Experimental Procedure

• Subjects: 30 right-handed healthy volunteers (average age 23.3 years).
• Experimental Design and Stimuli: Experiment stimuli were configured using Matlab software package and displayed on a 20-inch cathode-ray tube monitor. The relative depth position of the central target was manipulated by adjusting the horizontal disparity of the surrounding circles.

Experiment 1

Task 1: Observers needed to judge the position of the target relative to the inducers.

Task 2: Adjust the size of a comparison circle to match the target.

Results: When the target was presented on a different depth plane from the inducers, the illusion effect was significantly reduced.

Experiment 2

Task: Observers viewed the stimuli directly with both eyes without using a stereoscope and only needed to perform the size matching task.

Results: The illusion effect was significantly reduced in high and low disparity conditions under different disparity conditions.

Experiment 3

Task: Present four inducers on different depth planes, and observers needed to judge depth and match size.

Results: The illusion effect disappeared on visually different depth planes.

Experiment 4

Task: Observers viewed stimuli through a stereoscope, judged the position of the target relative to the inducers, while ERP data was recorded.

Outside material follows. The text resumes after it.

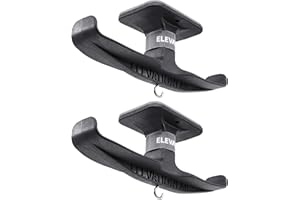Elevation Lab The Anchor Pro (2-Pack) - Extra Strong Under-Desk Headphone Stand Mount with Built-in Cord Management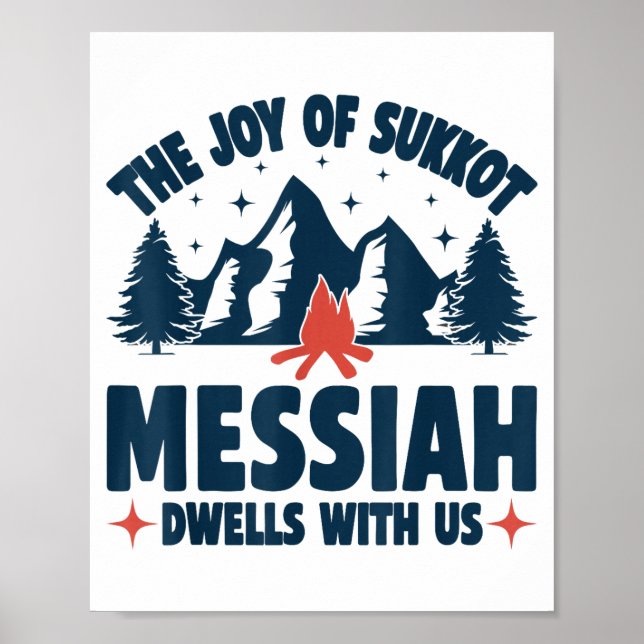 Affiche The Joy Of Sukkot Messiah Dwells With Us Jewish Ho (Devant)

Results: EEG data showed that when there were large inducers around the target, the target evoked larger N1 and P2 amplitudes. Under depth conditions, larger perceived size of the target was associated with lower early α-wave power, while in the zero disparity condition, larger perceived size was associated with higher late β-wave power.

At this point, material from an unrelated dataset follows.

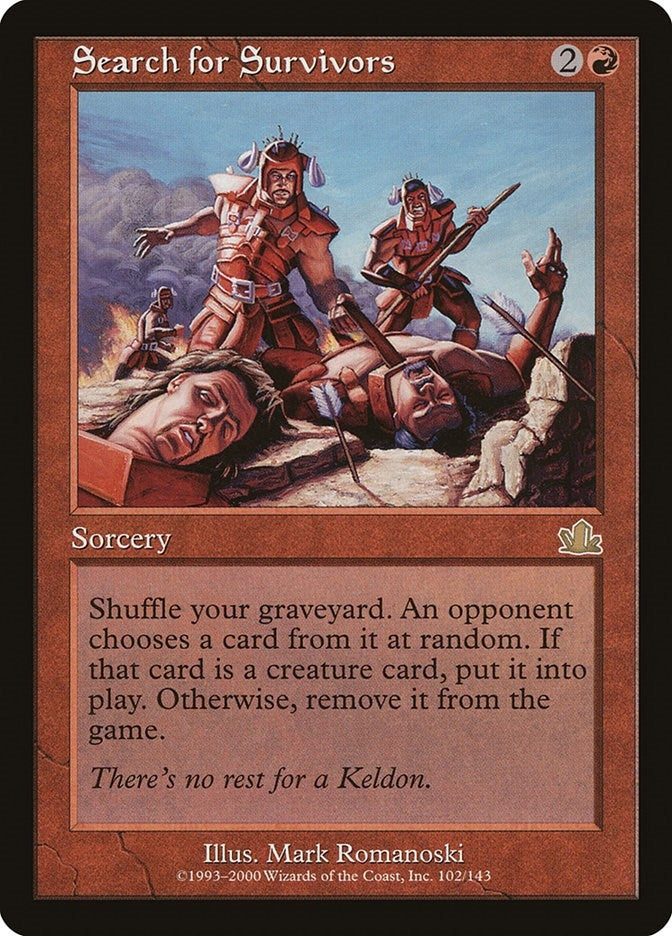 Image for Search for Survivors (102) (Prophecy) - Magic: The Gathering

EEG Data Recording and Analysis

Recording: Continuous EEG data was recorded using a 64-electrode cap.

Analysis: EEG data was analyzed using EEGLAB, filtering out activity below 1Hz and above 40Hz. Event-related spectral perturbation (ERSP) was baseline-corrected after the appearance of illusory figures. EEG data was transformed into the time-frequency domain using the Fast Fourier Transform (FFT) method, extracting α-wave (8–13 Hz) and β-wave (14–25 Hz) amplitudes separately.

Research Results

Depth Cues Reduce Size Illusion Effect

Under depth cue conditions (Experiment 1), the illusion effect was significantly reduced. In high and low disparity conditions, the illusion effect was significantly lowered. Experiment 3 showed that when four inducers were displayed on different depth planes, the illusion effect disappeared.

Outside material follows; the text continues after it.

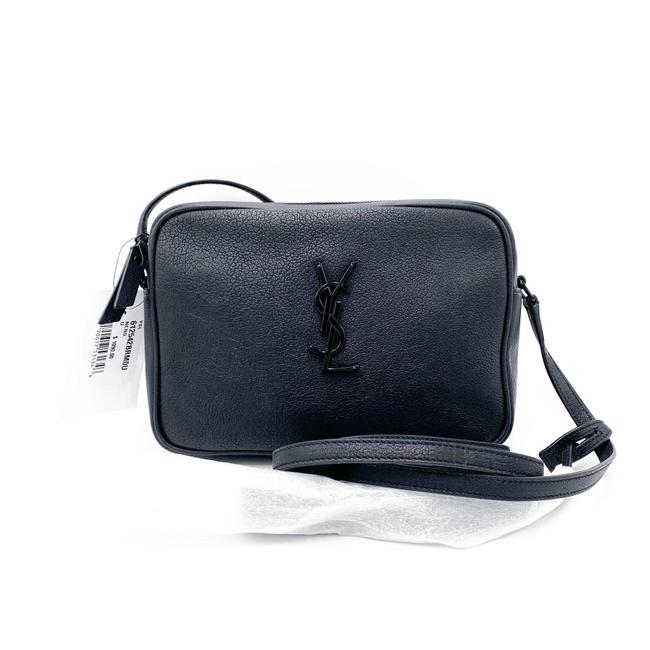 Saint Laurent Monogram Lou Camera Smooth Black Lambskin Leather Shoulder Bag - photo 5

Neural Oscillations Associated with the Ebbinghaus Illusion

Early α-wave power decrease in the centro-parietal region was negatively correlated with the illusion effect. In the zero disparity condition, larger perceived size produced higher β-wave power in the parieto-occipital region in a later time window (200–300 ms), and β-wave power was positively correlated with behavioral illusion effects. The results suggest that induced α-wave and β-wave oscillations are associated with low-level contour interaction and high-level size contrast, respectively.

Conclusion

This study provides neurophysiological evidence supporting two cognitive mechanisms of the Ebbinghaus illusion by revealing the dynamic support of neural oscillations in different frequency bands for various aspects of visual processing. Early α-wave power is associated with low-level contour interaction, while relatively later β-wave power is associated with high-level size contrast. This finding suggests that local circuits in the primary visual cortex and neural oscillations in different frequency bands in the parieto-occipital region dynamically support each other in various aspects of visual perception.

Research Significance

This study not only reveals the neural basis of low-level and high-level cognitive mechanisms in visual perception but also provides potential applications for future visual enhancement and perceptual compensation through neural oscillation modulation. Additionally, the experimental methods and data analysis techniques used in the study provide new research paradigms for the field of visual neuroscience.